Commvault supports Azure authentication using either managed identities or Azure application and a secret to give Commvault access to the resources. Using a managed identity is the securest and simplest way to give Commvault access because they eliminate the need to manage secrets and provide secure, identity-based access.
Supported Authentication Methods for Azure Resources
The supported authentication method depends on the Azure resource type.
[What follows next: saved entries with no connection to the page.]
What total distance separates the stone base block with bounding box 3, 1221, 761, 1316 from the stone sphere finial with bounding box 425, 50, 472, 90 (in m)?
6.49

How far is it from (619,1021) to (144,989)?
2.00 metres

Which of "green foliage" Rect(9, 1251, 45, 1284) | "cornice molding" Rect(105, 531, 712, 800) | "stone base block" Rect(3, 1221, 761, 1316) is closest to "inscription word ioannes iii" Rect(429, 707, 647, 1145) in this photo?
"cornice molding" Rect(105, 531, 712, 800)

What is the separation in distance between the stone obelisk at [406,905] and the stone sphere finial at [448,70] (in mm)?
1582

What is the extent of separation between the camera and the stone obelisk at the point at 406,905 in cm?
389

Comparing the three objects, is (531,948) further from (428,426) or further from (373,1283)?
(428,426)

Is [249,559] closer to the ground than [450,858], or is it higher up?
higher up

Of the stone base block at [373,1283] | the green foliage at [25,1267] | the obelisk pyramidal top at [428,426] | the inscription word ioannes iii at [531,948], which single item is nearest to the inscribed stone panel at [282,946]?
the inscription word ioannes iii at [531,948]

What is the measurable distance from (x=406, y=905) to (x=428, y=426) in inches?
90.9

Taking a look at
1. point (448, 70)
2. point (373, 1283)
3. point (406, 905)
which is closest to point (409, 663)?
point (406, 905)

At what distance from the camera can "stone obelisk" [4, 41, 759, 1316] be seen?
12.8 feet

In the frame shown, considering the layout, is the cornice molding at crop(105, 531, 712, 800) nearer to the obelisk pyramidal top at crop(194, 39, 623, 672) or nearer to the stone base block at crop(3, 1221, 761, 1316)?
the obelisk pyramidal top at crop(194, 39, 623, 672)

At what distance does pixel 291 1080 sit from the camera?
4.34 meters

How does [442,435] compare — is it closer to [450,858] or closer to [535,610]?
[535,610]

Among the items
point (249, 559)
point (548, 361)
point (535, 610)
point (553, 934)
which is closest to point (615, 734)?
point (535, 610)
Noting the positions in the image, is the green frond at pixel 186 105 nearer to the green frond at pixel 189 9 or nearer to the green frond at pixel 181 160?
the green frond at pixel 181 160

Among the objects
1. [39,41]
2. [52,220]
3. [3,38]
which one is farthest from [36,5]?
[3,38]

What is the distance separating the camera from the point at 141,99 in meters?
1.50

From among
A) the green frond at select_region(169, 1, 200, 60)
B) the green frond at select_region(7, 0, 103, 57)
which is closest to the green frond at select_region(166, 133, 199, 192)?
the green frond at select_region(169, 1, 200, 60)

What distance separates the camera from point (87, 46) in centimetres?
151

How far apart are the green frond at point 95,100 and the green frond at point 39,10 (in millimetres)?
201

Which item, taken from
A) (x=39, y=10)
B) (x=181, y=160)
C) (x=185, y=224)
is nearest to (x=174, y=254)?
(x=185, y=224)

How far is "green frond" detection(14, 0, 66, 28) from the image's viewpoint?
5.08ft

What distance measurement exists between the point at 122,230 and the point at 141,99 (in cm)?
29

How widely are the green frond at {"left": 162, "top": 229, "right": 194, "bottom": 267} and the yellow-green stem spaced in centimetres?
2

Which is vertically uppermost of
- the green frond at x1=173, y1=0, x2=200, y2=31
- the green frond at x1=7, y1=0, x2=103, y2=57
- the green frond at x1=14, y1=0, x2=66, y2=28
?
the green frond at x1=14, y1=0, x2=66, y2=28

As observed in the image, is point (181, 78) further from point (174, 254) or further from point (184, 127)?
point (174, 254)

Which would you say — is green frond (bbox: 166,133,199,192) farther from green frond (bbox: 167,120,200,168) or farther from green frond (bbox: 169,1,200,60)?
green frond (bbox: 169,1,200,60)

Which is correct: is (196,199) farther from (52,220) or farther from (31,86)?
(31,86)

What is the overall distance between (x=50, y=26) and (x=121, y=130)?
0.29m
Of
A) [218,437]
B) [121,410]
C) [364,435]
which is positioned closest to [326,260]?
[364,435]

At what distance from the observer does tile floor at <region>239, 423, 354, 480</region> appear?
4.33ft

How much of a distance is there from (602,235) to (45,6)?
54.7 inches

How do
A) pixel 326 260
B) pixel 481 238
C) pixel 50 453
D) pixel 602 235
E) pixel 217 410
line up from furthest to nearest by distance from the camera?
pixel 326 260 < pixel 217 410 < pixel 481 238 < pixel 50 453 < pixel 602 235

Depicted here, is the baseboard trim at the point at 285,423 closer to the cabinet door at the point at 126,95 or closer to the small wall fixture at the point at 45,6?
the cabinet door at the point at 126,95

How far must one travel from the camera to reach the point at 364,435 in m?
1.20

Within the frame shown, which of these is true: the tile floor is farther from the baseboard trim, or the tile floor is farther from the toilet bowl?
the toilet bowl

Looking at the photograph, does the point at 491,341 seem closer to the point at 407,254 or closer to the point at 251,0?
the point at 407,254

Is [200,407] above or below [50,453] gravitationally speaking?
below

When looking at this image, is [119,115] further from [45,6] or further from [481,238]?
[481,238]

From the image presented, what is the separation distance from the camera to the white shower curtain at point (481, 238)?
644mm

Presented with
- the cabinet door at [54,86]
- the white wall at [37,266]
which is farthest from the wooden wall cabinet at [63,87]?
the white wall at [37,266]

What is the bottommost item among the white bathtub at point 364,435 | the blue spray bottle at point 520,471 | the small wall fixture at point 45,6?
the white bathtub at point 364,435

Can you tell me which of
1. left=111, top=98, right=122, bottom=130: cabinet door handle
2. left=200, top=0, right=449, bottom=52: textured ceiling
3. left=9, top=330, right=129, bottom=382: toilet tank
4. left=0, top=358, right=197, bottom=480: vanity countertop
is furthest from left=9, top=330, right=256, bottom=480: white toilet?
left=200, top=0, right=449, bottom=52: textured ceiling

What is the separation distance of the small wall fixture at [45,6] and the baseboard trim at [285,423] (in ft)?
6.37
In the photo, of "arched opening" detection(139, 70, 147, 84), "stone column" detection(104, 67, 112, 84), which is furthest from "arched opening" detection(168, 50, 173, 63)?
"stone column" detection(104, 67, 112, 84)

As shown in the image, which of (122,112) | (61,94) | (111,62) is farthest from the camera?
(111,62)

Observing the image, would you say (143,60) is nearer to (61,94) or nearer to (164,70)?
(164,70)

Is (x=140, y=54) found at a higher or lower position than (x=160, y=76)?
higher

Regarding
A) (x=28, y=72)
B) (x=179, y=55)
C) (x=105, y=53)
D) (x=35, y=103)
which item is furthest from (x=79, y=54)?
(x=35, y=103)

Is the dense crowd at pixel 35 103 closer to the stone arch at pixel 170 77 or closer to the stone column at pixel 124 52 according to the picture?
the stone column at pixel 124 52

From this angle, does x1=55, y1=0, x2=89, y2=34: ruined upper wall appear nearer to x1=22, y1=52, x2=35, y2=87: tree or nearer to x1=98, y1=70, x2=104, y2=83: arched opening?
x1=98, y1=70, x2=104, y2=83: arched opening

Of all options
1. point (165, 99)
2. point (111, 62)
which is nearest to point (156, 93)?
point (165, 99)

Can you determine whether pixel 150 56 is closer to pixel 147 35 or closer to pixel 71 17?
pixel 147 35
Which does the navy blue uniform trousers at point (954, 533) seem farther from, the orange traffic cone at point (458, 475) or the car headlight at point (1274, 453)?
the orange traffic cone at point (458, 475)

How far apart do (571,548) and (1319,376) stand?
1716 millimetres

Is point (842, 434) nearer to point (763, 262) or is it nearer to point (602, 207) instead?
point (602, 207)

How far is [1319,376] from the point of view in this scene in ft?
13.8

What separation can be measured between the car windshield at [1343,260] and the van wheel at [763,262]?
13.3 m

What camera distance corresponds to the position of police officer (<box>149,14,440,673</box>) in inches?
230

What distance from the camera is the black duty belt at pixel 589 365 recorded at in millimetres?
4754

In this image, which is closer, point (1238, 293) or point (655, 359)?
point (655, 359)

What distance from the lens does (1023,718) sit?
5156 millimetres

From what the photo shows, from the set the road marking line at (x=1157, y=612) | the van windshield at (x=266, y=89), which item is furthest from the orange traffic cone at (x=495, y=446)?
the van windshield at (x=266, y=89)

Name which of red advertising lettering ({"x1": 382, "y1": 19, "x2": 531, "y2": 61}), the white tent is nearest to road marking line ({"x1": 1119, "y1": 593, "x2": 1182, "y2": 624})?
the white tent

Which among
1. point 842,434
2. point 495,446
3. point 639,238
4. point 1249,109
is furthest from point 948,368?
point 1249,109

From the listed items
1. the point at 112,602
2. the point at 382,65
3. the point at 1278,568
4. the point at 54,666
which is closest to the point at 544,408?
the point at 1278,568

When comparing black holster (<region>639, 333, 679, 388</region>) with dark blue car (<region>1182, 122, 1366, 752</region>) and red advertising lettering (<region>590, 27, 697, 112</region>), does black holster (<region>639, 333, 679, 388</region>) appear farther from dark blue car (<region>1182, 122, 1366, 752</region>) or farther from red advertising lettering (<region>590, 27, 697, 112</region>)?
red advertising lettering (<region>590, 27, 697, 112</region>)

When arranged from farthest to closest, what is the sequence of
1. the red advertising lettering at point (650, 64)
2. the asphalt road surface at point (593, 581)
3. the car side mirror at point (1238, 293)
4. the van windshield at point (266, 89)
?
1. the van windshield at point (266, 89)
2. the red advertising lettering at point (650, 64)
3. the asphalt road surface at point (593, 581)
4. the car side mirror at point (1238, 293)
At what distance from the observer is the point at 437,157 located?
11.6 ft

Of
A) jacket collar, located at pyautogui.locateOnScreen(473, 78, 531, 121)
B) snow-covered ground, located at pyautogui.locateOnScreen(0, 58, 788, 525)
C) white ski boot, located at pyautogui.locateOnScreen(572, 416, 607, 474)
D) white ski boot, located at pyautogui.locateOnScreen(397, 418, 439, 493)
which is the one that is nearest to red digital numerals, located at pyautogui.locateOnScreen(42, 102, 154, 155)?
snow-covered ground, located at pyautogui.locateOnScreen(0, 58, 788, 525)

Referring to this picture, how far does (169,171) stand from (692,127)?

Use this table to determine whether managed identities are supported for your Azure resources and which type to use.
| Azure resource | Managed identity support | Supported identity type | Notes |
|---|---|---|---|
| Azure virtual machines | Yes | System-assigned, user-assigned | Recommended authentication method |
| Azure disks | Yes | System-assigned, user-assigned | Uses access node identity |
| Azure blob storage | Yes | System-assigned, user-assigned | Requires appropriate RBAC roles |
| Azure file shares | Yes | System-assigned, user-assigned | |
| Azure SQL databases | Yes | System-assigned | User-assigned identities are not supported |
| Azure NetApp Files | Yes | System-assigned | Requires RBAC access to NetApp account and volumes |
| Azure Active Directory (Microsoft Entra ID) | No | Not supported | Use Azure application credentials |
| SharePoint Online (Microsoft 365) | No | Not supported | Use Azure application credentials |
| Office 365 services | No | Not supported | Use Azure application credentials |
| Dynamics 365 | No | Not supported | Use Azure application credentials |
| Azure subscriptions (discovery) | No | Not supported | Use Azure application credentials |
| Other Azure resources | No | Not supported | Use Azure application credentials |
Use Managed Identities
For supported resources, configure a managed identity on your Commvault access nodes to allow secure access to Azure resources.
Managed identities provide the following benefits:
- No need to store or rotate secrets
- Native integration with Azure role-based access control (RBAC)
- Improved security posture for cloud environments
To configure managed identities, see set up managed identities for Azure resources.
Use Azure Application Credentials
Use an Azure application and secret in the following cases:
- The Azure resource does not support managed identities.
- You require cross-tenant access.
- You are protecting Microsoft 365 services such as SharePoint Online or Office 365. For SharePoint, using certificate credentials for authentication is recommended.
- You are protecting business applications such as Dynamics 365
- Your organization restricts managed identity usage
To configure Azure application credentials, see create an Azure app registration.
Technical Reference
- Managed identities authenticate using Microsoft Entra ID and are authorized through RBAC roles.
- System-assigned identities are tied to a single resource lifecycle.
- User-assigned identities can be reused across multiple access nodes.
- Microsoft 365 and Dynamics 365 services use application-based authentication instead of managed identities.
- The required RBAC roles depend on the resource type and operations such as backup and restore.